Transcribe word for word the section of the records below that opens with the line containing "おおいぬ座（星座線）・天体 おおいぬ座,星座,星座線の写真素材" and closes with the line containing "Snowball Cactus 4 Inch Mammillaria Candida"; drop every picture.

## [Short descriptive text snippets]
+++
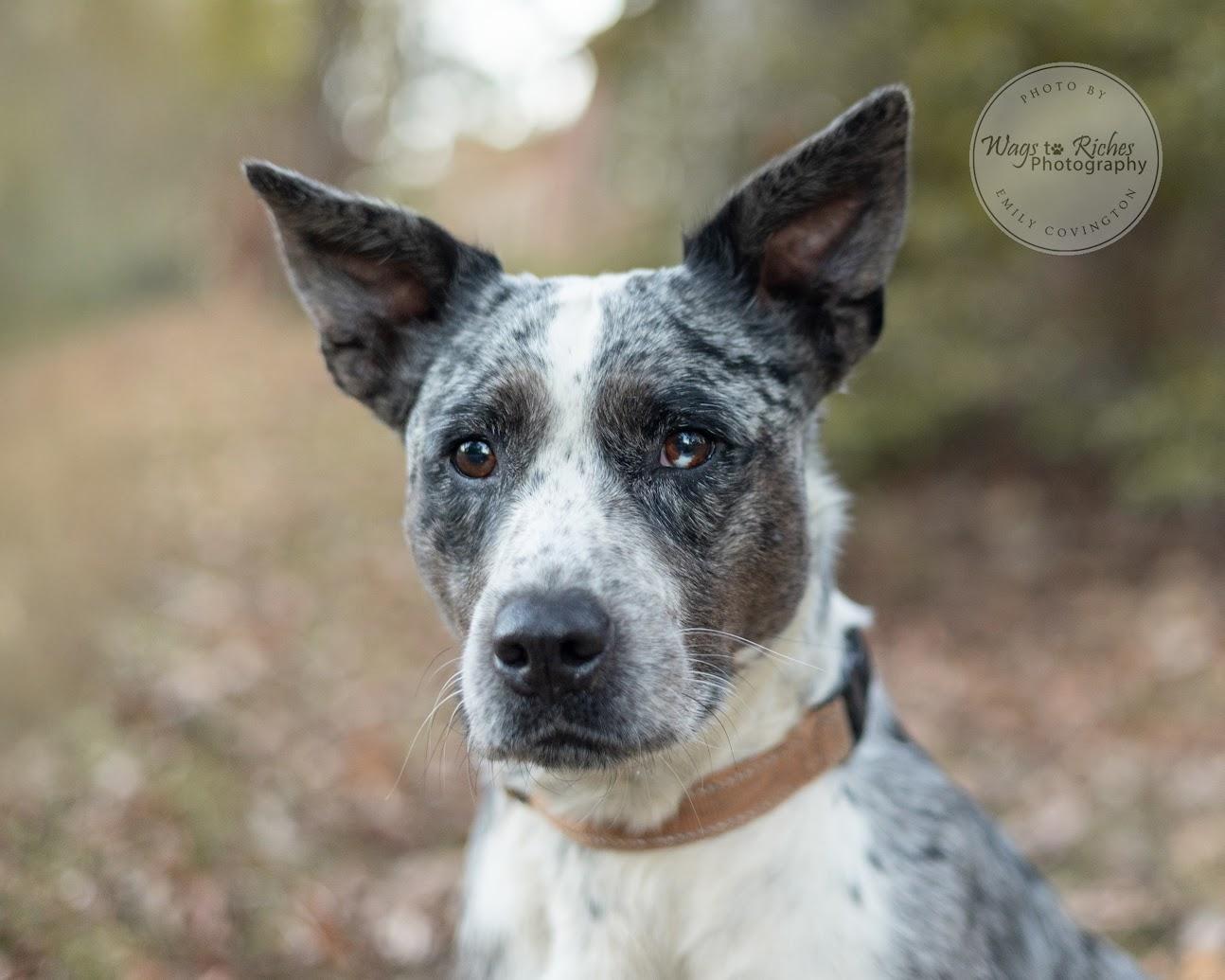 Georgia - Adopted, an adopted mixed breed in East Providence, RI image 2/6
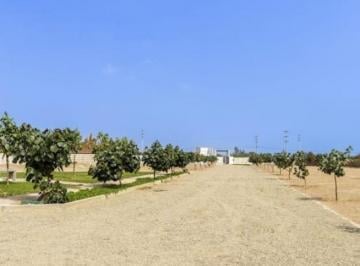 Terreno / Lote , Chincha · Tu Casa de Campo 258 m² a Pie de Pista - Chincha - Acceso Directo - Título de Propiedad.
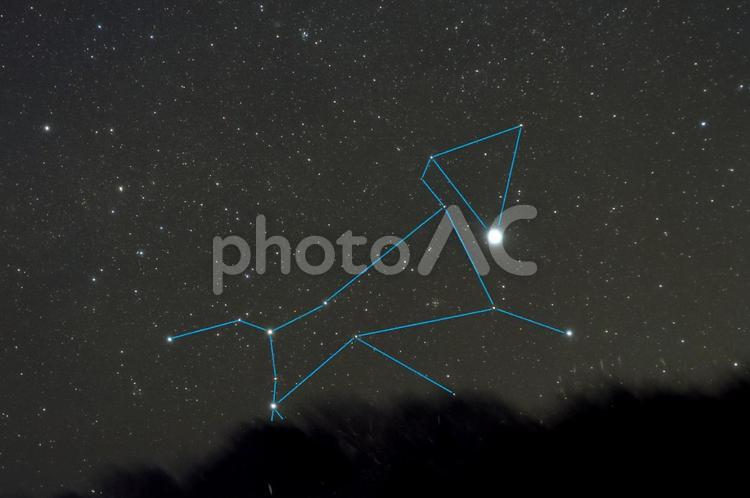 おおいぬ座（星座線）・天体 おおいぬ座,星座,星座線の写真素材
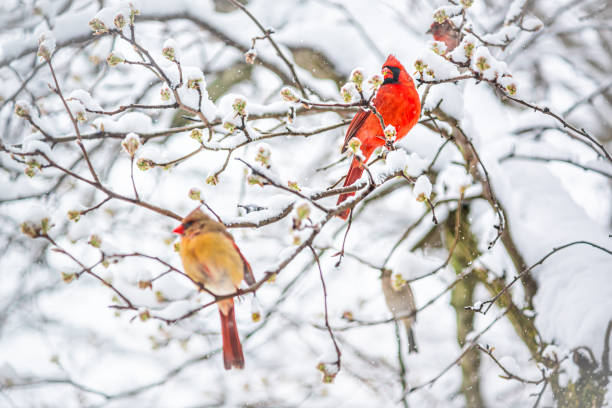 dois cardeais vermelhos do norte, cardinalis, pássaros empoleirados em galho de árvore durante a neve de inverno pesada colorido em virginia cereja flores brotos - cardeal do norte - fotografias e filmes do acervo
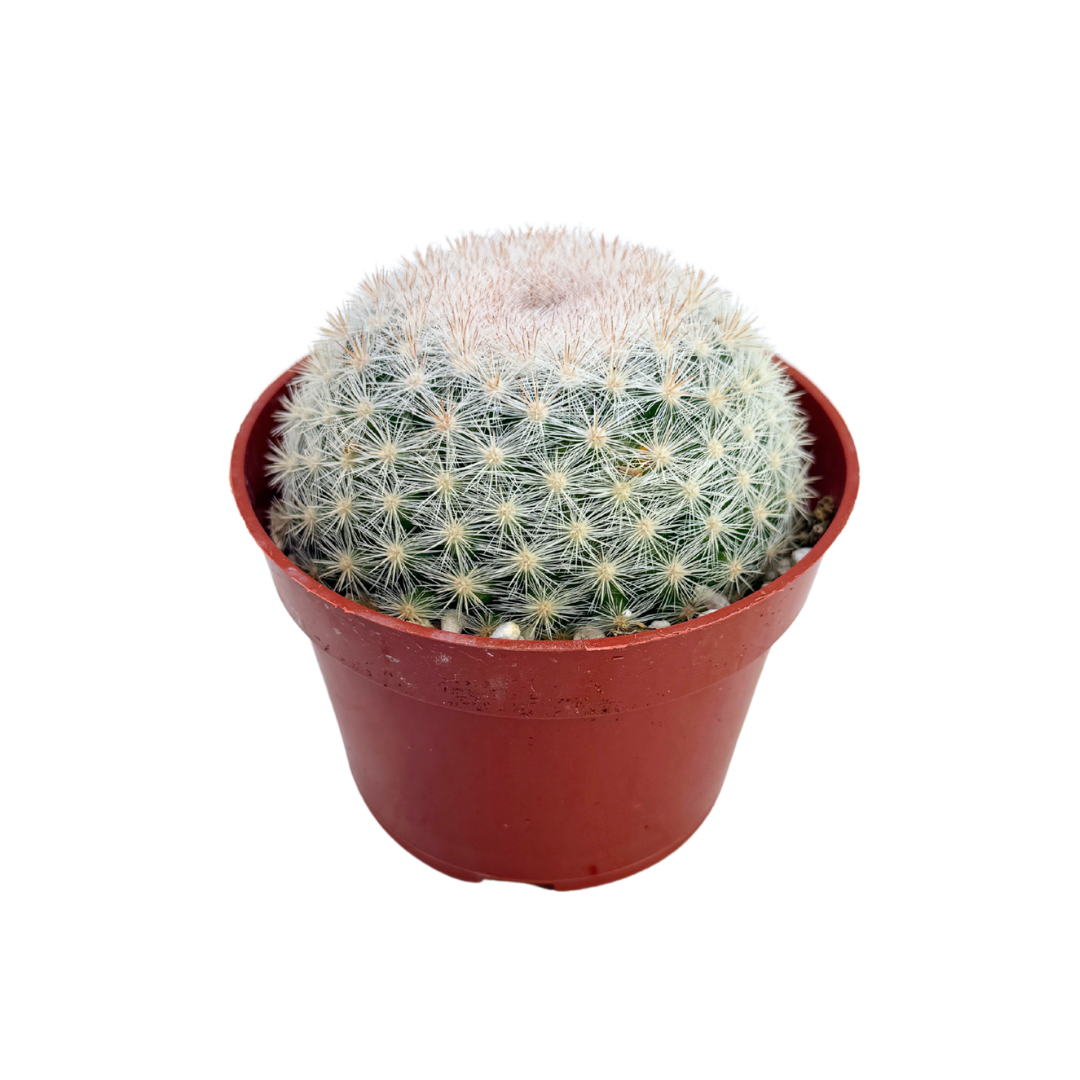 Snowball Cactus 4 Inch Mammillaria Candida
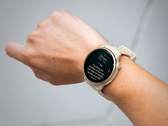 Los smartwatches Venu X1 y vivoactive 6 (en la imagen) de Garmin han recibido una nueva actualización beta. (Fuente de la imagen: Garmin)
+++
## [Output of the task]
 おおいぬ座（星座線）・天体 おおいぬ座,星座,星座線の写真素材
 dois cardeais vermelhos do norte, cardinalis, pássaros empoleirados em galho de árvore durante a neve de inverno pesada colorido em virginia cereja flores brotos - cardeal do norte - fotografias e filmes do acervo
 Snowball Cactus 4 Inch Mammillaria Candida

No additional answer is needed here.